I hope you are enjoying your weekends so far. My week was so tiring that all i can think of is to have a GOOD rest. Heh.

In the last EUR/USD Weekly Review, we saw the week starting on a bearish note. Apprehension about the Euro Zone and in particular the Greek deficit crisis remained strong and investors were probably seeking their fortunes elsewhere.

Near the end of the week, Moody’s downgraded the ratings of Greece and mentioned that the outlook is negative. This caused a major outflow of investments from the European region. The budget deficit estimate of Greece was revised from 12.7% to 13.6%. Worst than expected. The EUR/USD slipped to as low as the 1.32 region due to risk aversion. A bail out was requested. In the meanwhile, the US economy remained rather resilient. Gold had risen considerably too and this might be due to increased demand. Gold is usually an investment of choice when the economic outlook is uncertain and we might be seeing investors seeking shelter in the precious metal.

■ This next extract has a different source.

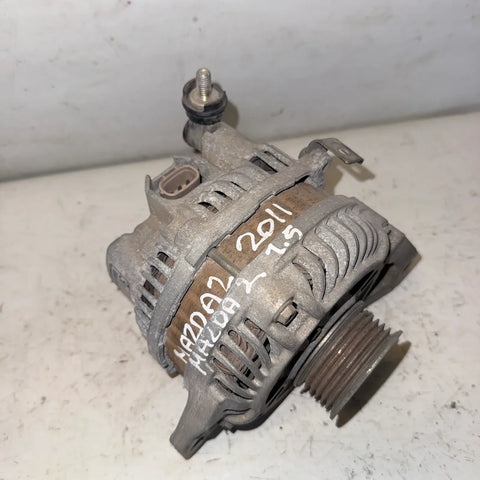 Alternador Mazda 2 2011 - 1.5 4x2 Bencina Mecánico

The EUR/USD tested the region below 1.3200 before climbing to 1.3300+ for the weekends.

The start of the week began with a small gap down after the G20 meetings over the weekend. Dont let a forex gap ruin your trades and hence understand the risk about it. Read the article on forex gaps. Although the bail out was requested, there were concerns that Germany might not release the funds yet as the German Chancellor mentioned that she won’t release Greek aids funds until the country displays a “sustainable, credible” plan to reduce the budget deficit and a final decision might be in a “few days.” The condition that Greece takes “tough” measures for the next several years was mentioned but Greece’s citizens were already unhappy that they were made to bear the consequences of a poor financial policy and hence more strikes might happen.

As the week continued on, further EUR/USD weakness was seen. A report stated that credit-default swaps on European sovereign debt rose to records levels due to concerns that Greece’s deficit woes was starting to affect the borrowing ability of nations in a similar plight throughout the European region. Portugal and Spain might be at risk of being affected. This brought speculations of a a massive crisis of the Euro Zone and hence risk aversion was strong. Germany’s reluctance to take part in the aid solution probably caused the market to worry.

Midweek, a report by Standard & Poor’s mentioned that holders of Greek bonds may lose as much as 200 billion euros should the government default. Greece’s rating was cut three steps to BB+, below the investment grade. S&P believes that the outlook is negative for Greece. Greek bonds experienced a sell off. Portugal was not spared too and received a cut in ratings as well. The IMF Managing Director told German lawmakers that as much as 120 billion euros in aid may be needed instead of 45 billion euros. Investors were probably concerned about how feasible can this aid package be and how the long term needs can be addressed. Questions were raised too with regards to how future crisis in the Euro Zone could be handled.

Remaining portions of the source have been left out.